Anonymous 0 Comments

It’s a trait left over from before humans lost all of their body hair. The goosebumps form as a result of tiny muscles in your skin trying to make the hairs on your skin stick up, which when cold helps to create a layer of insulating air to reduce heat loss, and when scared helps to make you look larger and more threatening to any potential predators. Both of these aren’t particularly effective in humans because of our lack of significant body hair, but there wasn’t any evolutionary incentive to get rid of them so they just stuck around.

Anonymous 0 Comments

Goose bumps are a vestigial feature in humans.

Vestigial means they used to have a purpose, but don’t anymore.

Goose bumps had a purpose in humans when we were much hairer than we are now. When we were cold, it would puff up our hair to give us a thicker layer of insulation from the cold.

When we were scared it would puff us up and make us look bigger and more intimidating. Just like how cats get puffier when they’re frightened.
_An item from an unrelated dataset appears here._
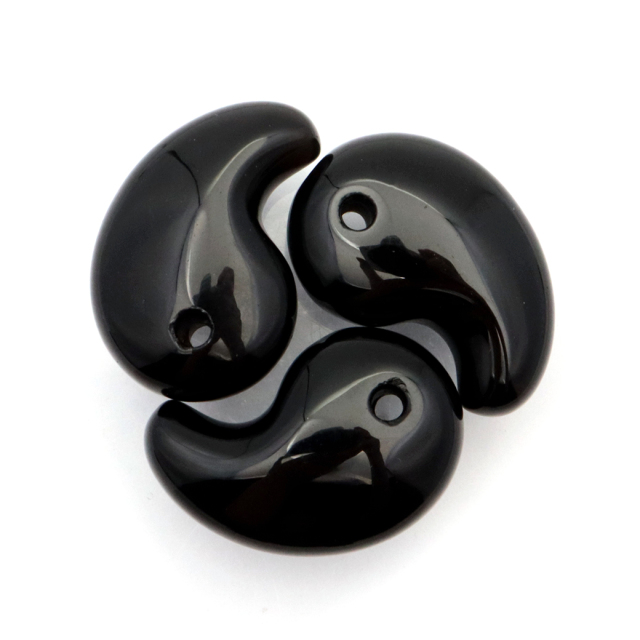 訳あり 黒水晶 本物 モリオン 勾玉 まがたま 30 x 20mm お守り モーリオン アクセサリー ネックレスづくりのパーツに 天然石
Now we don’t have enough hair for it to do anything useful, but the reflex still remains because it’s not harmful so we don’t evolve out of it.

Anonymous 0 Comments

The posterior hypothalamus is the region that is invovlved in thermoregulation- it warms the body when it is cold by shivering, shunting blood to the core and raising body hair. All of these reactions (plus sweating, modulated by anterior hypothalamus that cools the body) are advantageous when you are being attacked by predators, by making you more jumpy, less prone to bleeding, cutting and making you slippery- so those reactions from the same regions of the hypothalamus are also part of the fear response.

Anonymous 0 Comments

Your body is covered in hair. Every hair has a muscle (the arrector pilli) around the base of the follicle. [Each “goosebump” is the muscle around the base of one hair contracting, which makes that hair stand up](https://www.researchgate.net/publication/343051431/figure/fig2/AS:915950454988801@1595391014202/Sympathetically-innervated-arrector-pili-muscle-contraction-causes-goosebumps-a-visible.png) rather than laying flat like normal.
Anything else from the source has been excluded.